Shackling in health care settings could also contribute to health care staff moral injury. Moral injury is defined as harmful long-term emotional, psychological, behavioral, spiritual, and/or social effects that result from acts that transgress one’s moral beliefs and expectations in a high-stakes environment.[28] Health care staff may experience moral injury when they are required to treat shackled patients because it violates the Hippocratic Oath and has been deemed cruel and unusual punishment. For instance, evidence suggests that shackling poses unintended risks to health care workers’ psychological well-being.[15,16] Preliminary results from qualitative interviews conducted in 2022 showed that workers in health care settings report significant distress from witnessing critically ill patients being handcuffed or otherwise restrained to their hospital beds.[29] As such, shackling affects the ability of health care staff to provide high-quality, dignified care and healing.[15,16,27]

Shackling’s disproportionate harm: The U.S. carceral system, which reflects the disproportionate incarceration of historically targeted racial and ethnic groups, is one form of structural racism. Black, Latinx, and indigenous populations are policed and incarcerated disproportionately and, on average, enter the criminal punishment system at younger ages than their White counterparts.[30] A distinct majority (67%) of those in state prisons, which incarcerate more than 1 million people, are persons of color: 33.3% Black, 20.4% Hispanic, 11.1% two or more races, and 2.3% Native populations.[10] This racial disparity is by design, both in what constitutes a crime and how such laws are enforced.[31] When compared with the general population, in which 43% of individuals identify as people of color, the racist nature of U.S. criminalization becomes clear.[32]

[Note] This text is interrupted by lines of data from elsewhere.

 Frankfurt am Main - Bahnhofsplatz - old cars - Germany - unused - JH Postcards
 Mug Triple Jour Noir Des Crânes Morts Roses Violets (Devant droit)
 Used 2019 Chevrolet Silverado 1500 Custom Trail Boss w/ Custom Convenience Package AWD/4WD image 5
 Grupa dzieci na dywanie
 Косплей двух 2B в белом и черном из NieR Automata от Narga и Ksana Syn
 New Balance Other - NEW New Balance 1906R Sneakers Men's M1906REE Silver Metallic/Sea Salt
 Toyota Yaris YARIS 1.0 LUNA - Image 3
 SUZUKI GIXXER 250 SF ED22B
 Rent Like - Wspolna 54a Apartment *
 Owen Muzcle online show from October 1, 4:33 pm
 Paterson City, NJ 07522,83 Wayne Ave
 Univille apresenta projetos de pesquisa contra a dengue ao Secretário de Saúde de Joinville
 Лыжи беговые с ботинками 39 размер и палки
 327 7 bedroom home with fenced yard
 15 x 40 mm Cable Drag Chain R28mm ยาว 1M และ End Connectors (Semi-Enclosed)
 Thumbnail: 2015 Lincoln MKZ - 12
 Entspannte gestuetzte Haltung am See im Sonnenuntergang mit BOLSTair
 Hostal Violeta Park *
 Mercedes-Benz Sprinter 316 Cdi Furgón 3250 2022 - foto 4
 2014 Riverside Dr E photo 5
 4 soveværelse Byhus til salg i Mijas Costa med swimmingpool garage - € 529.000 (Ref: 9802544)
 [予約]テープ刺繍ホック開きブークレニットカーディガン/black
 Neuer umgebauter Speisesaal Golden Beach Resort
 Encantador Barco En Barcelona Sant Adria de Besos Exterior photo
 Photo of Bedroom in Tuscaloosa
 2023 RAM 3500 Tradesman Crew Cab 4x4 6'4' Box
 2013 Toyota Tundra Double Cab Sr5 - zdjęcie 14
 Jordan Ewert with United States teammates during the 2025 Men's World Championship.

Incarceration is inherently traumatic[33]; research has revealed elevated rates of traumatic events and posttraumatic stress syndrome among incarcerated people, some of whom experience health care–induced trauma.[34–36] This trauma and its resulting negative health impacts (both physical and mental/emotional) extend not only to the people incarcerated but also to their children, families, and communities.[37] Studies show that people who are incarcerated experience a 2-year decline in their life expectancy for each year they are incarcerated.[6] This may partially explain why the life expectancy of African Americans, who are overrepresented in the criminal legal system, is 6 years shorter than that of White Americans.[38]

Such disparities are also found among people detained by U.S. Immigration and Customs Enforcement (ICE), who report worse physical and mental health outcomes after release than before incarceration.[39] For example, immigration enforcement has been shown to be correlated with mental health issues, low birth weights, and a rise in risk factors for cardiovascular disease.[40] ICE routinely uses electronic shackling (commonly referred to as “ankle bracelets” or “ankle monitors”). In 2021, 31,000 people were shackled under ICE’s Intensive Supervision Assistance Program.[41] Electronic shackles are often portrayed as an alternative to detention,[42] which may be a response to increased political mobilization against mass incarceration. However, these shackles expand the reach of government supervision and have profound negative impacts on people’s physical health (aches, numbness, swelling) and mental health (anxiety, sleep disruption, suicidal ideation).[43]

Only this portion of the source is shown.